## Recorded data
• • • • •

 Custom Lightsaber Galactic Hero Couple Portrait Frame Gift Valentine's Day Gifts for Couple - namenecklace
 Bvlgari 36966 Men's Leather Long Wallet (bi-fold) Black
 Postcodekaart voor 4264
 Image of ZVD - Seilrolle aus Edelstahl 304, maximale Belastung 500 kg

• • • • •

## Problem details
Copy out the material above in its entirety, exactly.

## Finished task
 Custom Lightsaber Galactic Hero Couple Portrait Frame Gift Valentine's Day Gifts for Couple - namenecklace
 Bvlgari 36966 Men's Leather Long Wallet (bi-fold) Black
 Postcodekaart voor 4264
 Image of ZVD - Seilrolle aus Edelstahl 304, maximale Belastung 500 kg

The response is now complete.